The study discouraged the city from implementing aggressive inclusionary zoning requirements, warning they could hurt development. Some advocates charged that the study gave too much weight to developers’ bottom lines.

The council passed an ordinance that established inclusionary zoning in March. In a press release at the time, Cantrell said HR&A’s work “informed the final ordinance.”

“It’s concerning to know that HR&A’s client list includes real estate developers, landlord groups, and short-term rental platforms and we believe it certainly warrants a review of their Smart Housing Mix recommendations,” Cashauna Hill, executive director of the Greater New Orleans Fair Housing Action Center, told The Lens in an email.

In the spring, the company started working on a second study for the city. An amendment to the original contract directed HR&A to study the one-to-one match and the 25 percent cap as potential options. Their total contract value was changed from $83,000 to $219,000.

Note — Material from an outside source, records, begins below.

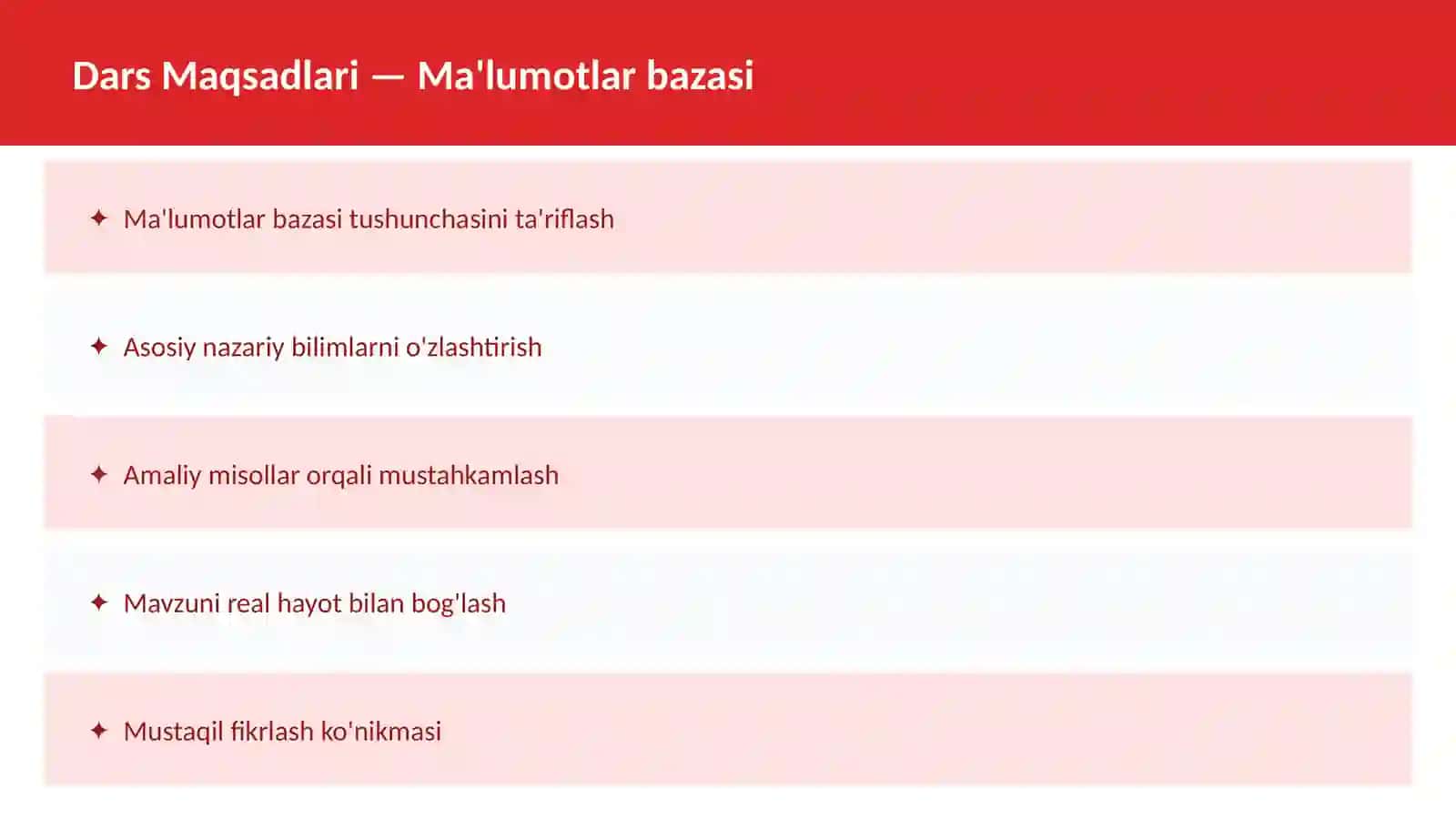 SQL 2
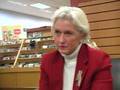 FallenAngels.TV Interview w/ Dr. Joye Pugh - 2 of 6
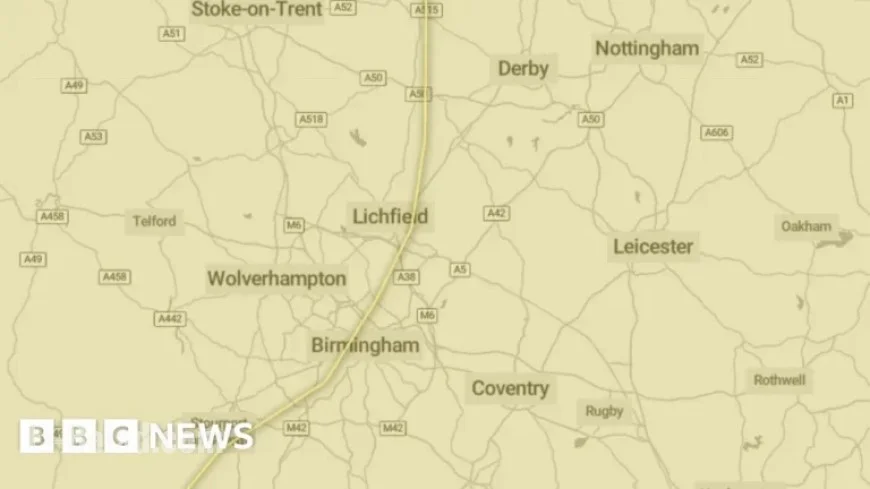 Met Office Warns of Increasing Snow and Ice in Region Forecast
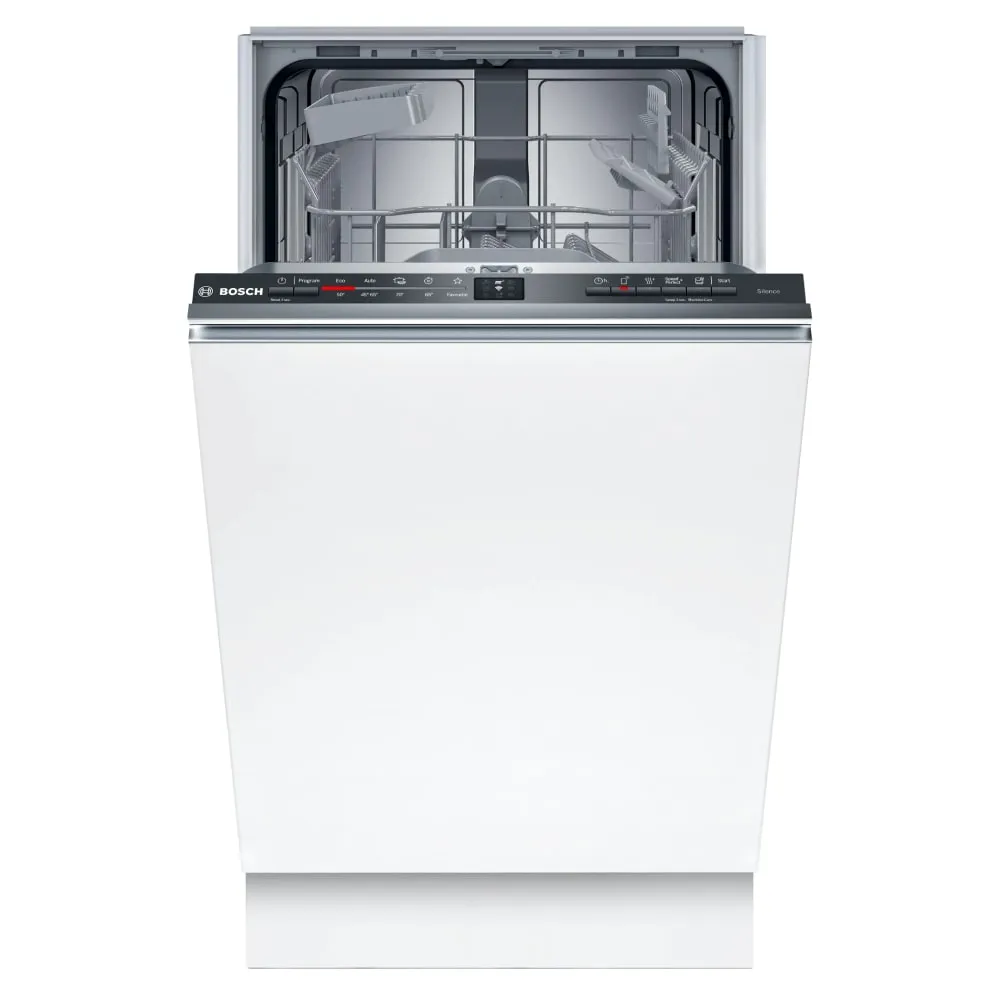 BOSCH Serija 2 SPV2HKX42E Ugradna mašina za pranje sudova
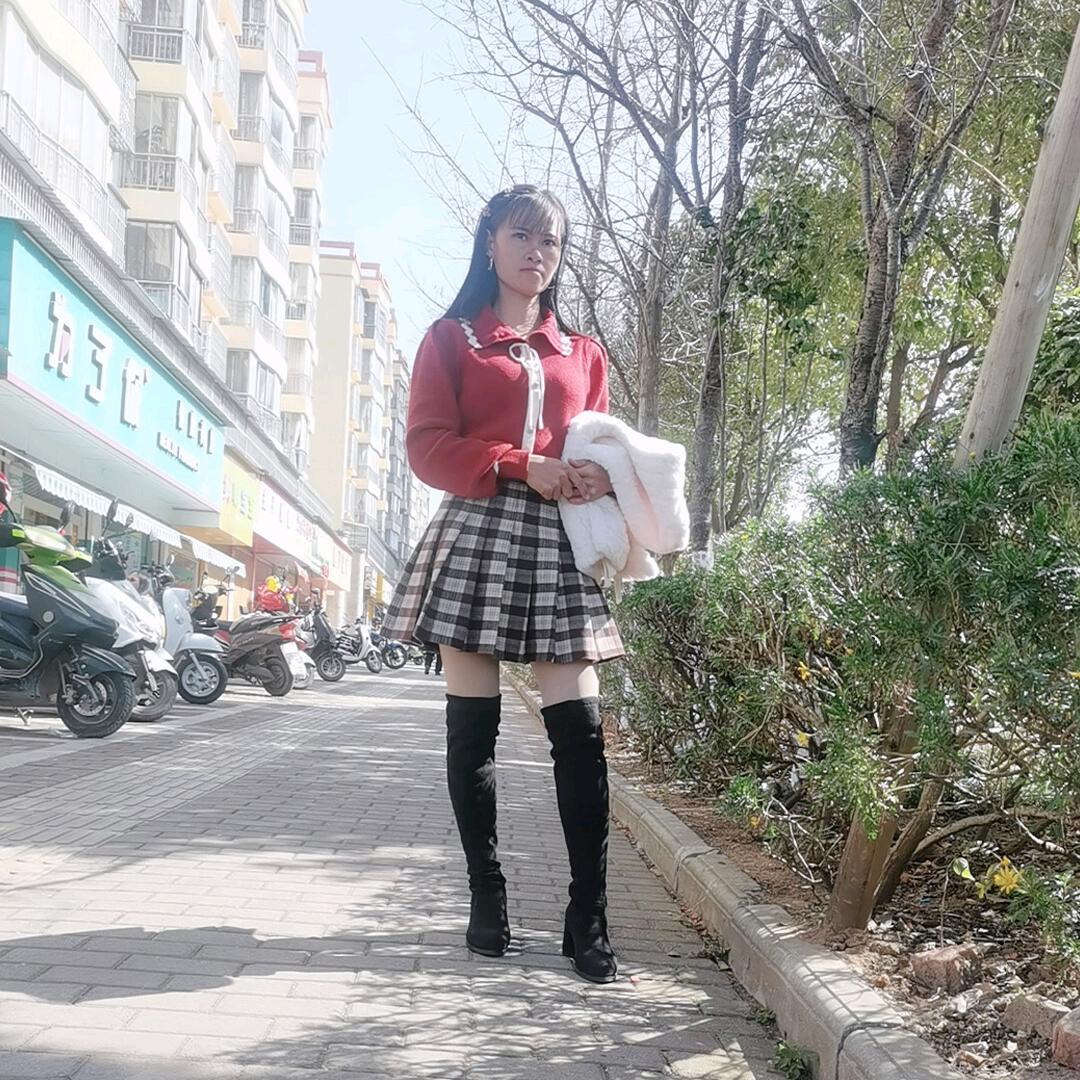 心累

It’s unclear what the City Council will do with the study, and whether they will act on it when other short-term rental rules — including stricter limits on residentially zoned short-term rentals and proposed enforcement policies — are put to a vote at their next regular meeting on Aug. 8. It’s possible that the council could revisit the issue at a later date, but Palmer has expressed concerns about waiting.

“My concern is that once we pass this short-term rental legislation… we could technically take a lot of units off the market if we’re not addressing the affordability issue here,” Palmer said during the February presentation. “When we start drilling down with this STR ordinance there is going to be a substantial need for affordability and affordable housing in that, and it will be a requirement. Full stop.”

This story was updated after publication with a statement from Airbnb. The company had initially declined to comment.